Would you write out all the records again, exactly?

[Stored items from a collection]

......

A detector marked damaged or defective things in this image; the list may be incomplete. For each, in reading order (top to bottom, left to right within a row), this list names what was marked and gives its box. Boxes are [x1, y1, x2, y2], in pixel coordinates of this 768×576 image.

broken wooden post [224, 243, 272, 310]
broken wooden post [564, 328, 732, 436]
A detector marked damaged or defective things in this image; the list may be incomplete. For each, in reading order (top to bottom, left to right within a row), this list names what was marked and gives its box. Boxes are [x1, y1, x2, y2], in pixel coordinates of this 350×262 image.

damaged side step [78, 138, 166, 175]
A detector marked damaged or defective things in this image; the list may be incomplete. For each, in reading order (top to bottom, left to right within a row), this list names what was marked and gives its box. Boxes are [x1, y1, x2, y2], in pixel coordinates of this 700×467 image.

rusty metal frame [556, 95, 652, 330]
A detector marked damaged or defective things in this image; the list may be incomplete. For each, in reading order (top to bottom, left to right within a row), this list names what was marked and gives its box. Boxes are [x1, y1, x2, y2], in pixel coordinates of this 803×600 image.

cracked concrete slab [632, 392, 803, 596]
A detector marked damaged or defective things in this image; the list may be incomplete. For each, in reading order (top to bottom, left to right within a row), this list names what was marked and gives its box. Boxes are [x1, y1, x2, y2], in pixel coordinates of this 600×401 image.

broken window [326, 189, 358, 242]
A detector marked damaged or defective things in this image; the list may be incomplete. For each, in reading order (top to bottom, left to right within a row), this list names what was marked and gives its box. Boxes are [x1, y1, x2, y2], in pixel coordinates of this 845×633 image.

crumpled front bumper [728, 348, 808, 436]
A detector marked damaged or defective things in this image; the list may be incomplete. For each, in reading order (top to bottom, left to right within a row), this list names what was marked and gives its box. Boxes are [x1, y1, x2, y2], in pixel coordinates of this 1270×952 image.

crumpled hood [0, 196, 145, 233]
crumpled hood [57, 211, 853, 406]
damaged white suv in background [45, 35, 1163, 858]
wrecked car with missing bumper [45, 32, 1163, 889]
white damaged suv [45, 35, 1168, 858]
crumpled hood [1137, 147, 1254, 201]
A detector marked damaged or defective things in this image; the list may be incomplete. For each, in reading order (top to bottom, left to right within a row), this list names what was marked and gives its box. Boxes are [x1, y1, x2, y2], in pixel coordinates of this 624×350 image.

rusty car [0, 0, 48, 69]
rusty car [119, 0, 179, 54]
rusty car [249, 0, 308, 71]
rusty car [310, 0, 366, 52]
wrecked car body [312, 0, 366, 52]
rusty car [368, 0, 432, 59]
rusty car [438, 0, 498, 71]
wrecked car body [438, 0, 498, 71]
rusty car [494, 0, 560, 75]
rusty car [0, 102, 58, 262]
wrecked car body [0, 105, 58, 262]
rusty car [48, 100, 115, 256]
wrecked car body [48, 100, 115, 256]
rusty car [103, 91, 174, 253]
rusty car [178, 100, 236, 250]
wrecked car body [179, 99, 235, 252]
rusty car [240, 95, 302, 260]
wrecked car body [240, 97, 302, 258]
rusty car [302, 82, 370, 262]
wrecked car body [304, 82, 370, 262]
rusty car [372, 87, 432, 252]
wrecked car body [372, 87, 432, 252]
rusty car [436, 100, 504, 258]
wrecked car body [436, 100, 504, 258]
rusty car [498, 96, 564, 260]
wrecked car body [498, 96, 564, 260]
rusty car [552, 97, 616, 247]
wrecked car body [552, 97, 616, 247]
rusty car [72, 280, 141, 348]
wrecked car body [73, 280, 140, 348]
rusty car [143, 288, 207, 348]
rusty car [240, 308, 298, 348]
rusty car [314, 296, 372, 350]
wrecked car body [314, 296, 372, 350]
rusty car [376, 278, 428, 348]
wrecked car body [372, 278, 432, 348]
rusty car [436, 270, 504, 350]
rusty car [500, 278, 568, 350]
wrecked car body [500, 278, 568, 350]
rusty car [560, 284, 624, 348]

......

**Exercise result**
A detector marked damaged or defective things in this image; the list may be incomplete. For each, in reading order (top to bottom, left to right within a row), this list names what was marked and gives its box. Boxes are [x1, y1, x2, y2], in pixel coordinates of this 768×576 image.

broken wooden post [224, 243, 272, 310]
broken wooden post [564, 328, 732, 436]
A detector marked damaged or defective things in this image; the list may be incomplete. For each, in reading order (top to bottom, left to right within a row), this list names what was marked and gives its box. Boxes are [x1, y1, x2, y2], in pixel coordinates of this 350×262 image.

damaged side step [78, 138, 166, 175]
A detector marked damaged or defective things in this image; the list may be incomplete. For each, in reading order (top to bottom, left to right within a row), this list names what was marked and gives its box. Boxes are [x1, y1, x2, y2], in pixel coordinates of this 700×467 image.

rusty metal frame [556, 95, 652, 330]
A detector marked damaged or defective things in this image; the list may be incomplete. For each, in reading order (top to bottom, left to right within a row), this list names what was marked and gives its box. Boxes are [x1, y1, x2, y2], in pixel coordinates of this 803×600 image.

cracked concrete slab [632, 392, 803, 596]
A detector marked damaged or defective things in this image; the list may be incomplete. For each, in reading order (top to bottom, left to right within a row), this list names what was marked and gives its box. Boxes are [x1, y1, x2, y2], in pixel coordinates of this 600×401 image.

broken window [326, 189, 358, 242]
A detector marked damaged or defective things in this image; the list may be incomplete. For each, in reading order (top to bottom, left to right within a row), this list names what was marked and gives its box. Boxes are [x1, y1, x2, y2], in pixel coordinates of this 845×633 image.

crumpled front bumper [728, 348, 808, 436]
A detector marked damaged or defective things in this image; the list may be incomplete. For each, in reading order (top to bottom, left to right within a row), this list names what was marked and gives its box. Boxes are [x1, y1, x2, y2], in pixel coordinates of this 1270×952 image.

crumpled hood [0, 196, 145, 233]
crumpled hood [57, 211, 853, 406]
damaged white suv in background [45, 35, 1163, 858]
wrecked car with missing bumper [45, 32, 1163, 889]
white damaged suv [45, 35, 1168, 858]
crumpled hood [1137, 147, 1254, 201]
A detector marked damaged or defective things in this image; the list may be incomplete. For each, in reading order (top to bottom, left to right within a row), this list names what was marked and gives its box. Boxes are [x1, y1, x2, y2], in pixel coordinates of this 624×350 image.

rusty car [0, 0, 48, 69]
rusty car [119, 0, 179, 54]
rusty car [249, 0, 308, 71]
rusty car [310, 0, 366, 52]
wrecked car body [312, 0, 366, 52]
rusty car [368, 0, 432, 59]
rusty car [438, 0, 498, 71]
wrecked car body [438, 0, 498, 71]
rusty car [494, 0, 560, 75]
rusty car [0, 102, 58, 262]
wrecked car body [0, 105, 58, 262]
rusty car [48, 100, 115, 256]
wrecked car body [48, 100, 115, 256]
rusty car [103, 91, 174, 253]
rusty car [178, 100, 236, 250]
wrecked car body [179, 99, 235, 252]
rusty car [240, 95, 302, 260]
wrecked car body [240, 97, 302, 258]
rusty car [302, 82, 370, 262]
wrecked car body [304, 82, 370, 262]
rusty car [372, 87, 432, 252]
wrecked car body [372, 87, 432, 252]
rusty car [436, 100, 504, 258]
wrecked car body [436, 100, 504, 258]
rusty car [498, 96, 564, 260]
wrecked car body [498, 96, 564, 260]
rusty car [552, 97, 616, 247]
wrecked car body [552, 97, 616, 247]
rusty car [72, 280, 141, 348]
wrecked car body [73, 280, 140, 348]
rusty car [143, 288, 207, 348]
rusty car [240, 308, 298, 348]
rusty car [314, 296, 372, 350]
wrecked car body [314, 296, 372, 350]
rusty car [376, 278, 428, 348]
wrecked car body [372, 278, 432, 348]
rusty car [436, 270, 504, 350]
rusty car [500, 278, 568, 350]
wrecked car body [500, 278, 568, 350]
rusty car [560, 284, 624, 348]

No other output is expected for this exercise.